START Available data

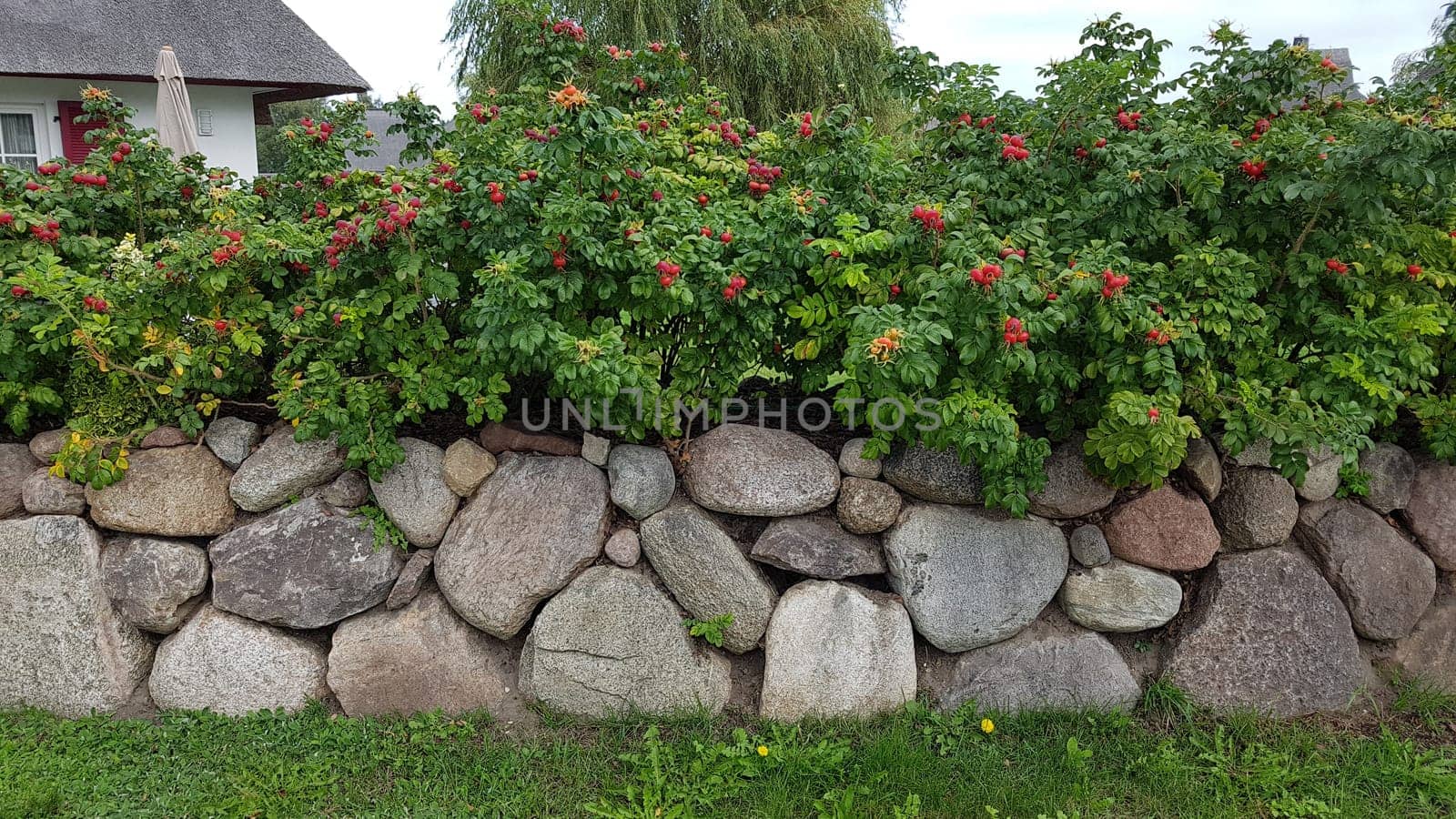 Friesenwall consists of stacked boulders from the Ice Age. Friesenwall,Friezes wall,consists of stacked boulders from the Ice Age.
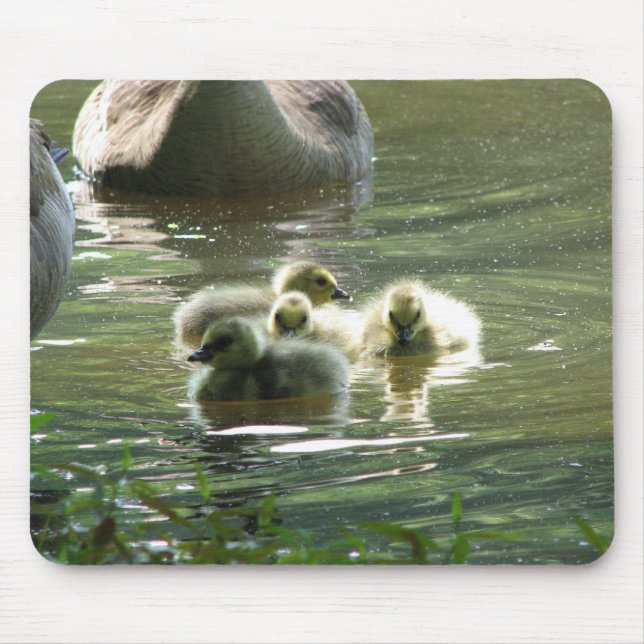 Goslings Mousepad Musmatta (Framsidan)
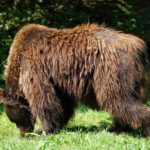 Ховаємося на дахах. Бурі ведмеді атакують росіян у житлових районах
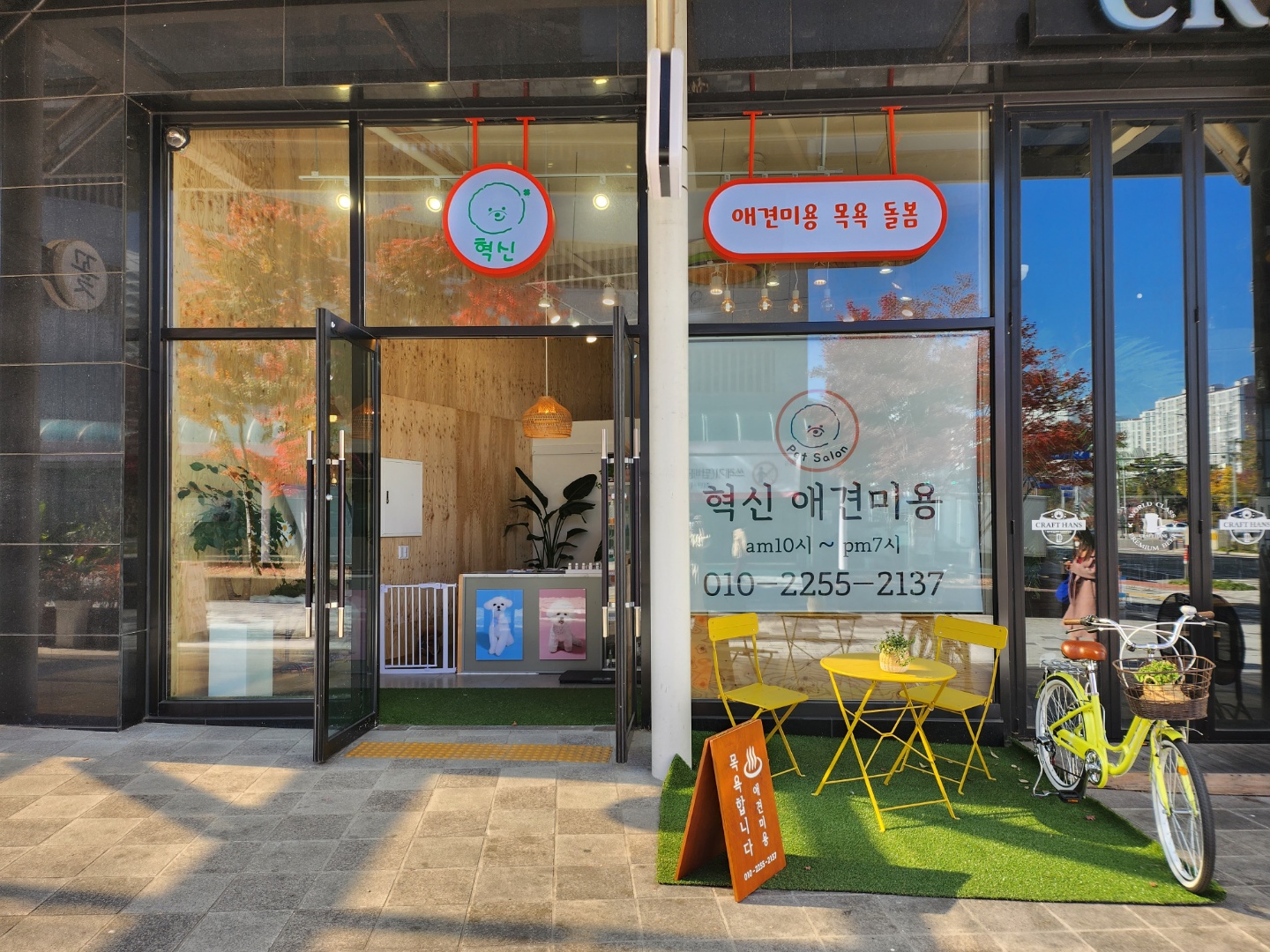 혁신애견미용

END Available data

Return all of the data exactly as written, and drop the pictures.

(Answer to this problem)
 Friesenwall consists of stacked boulders from the Ice Age. Friesenwall,Friezes wall,consists of stacked boulders from the Ice Age.
 Goslings Mousepad Musmatta (Framsidan)
 Ховаємося на дахах. Бурі ведмеді атакують росіян у житлових районах
 혁신애견미용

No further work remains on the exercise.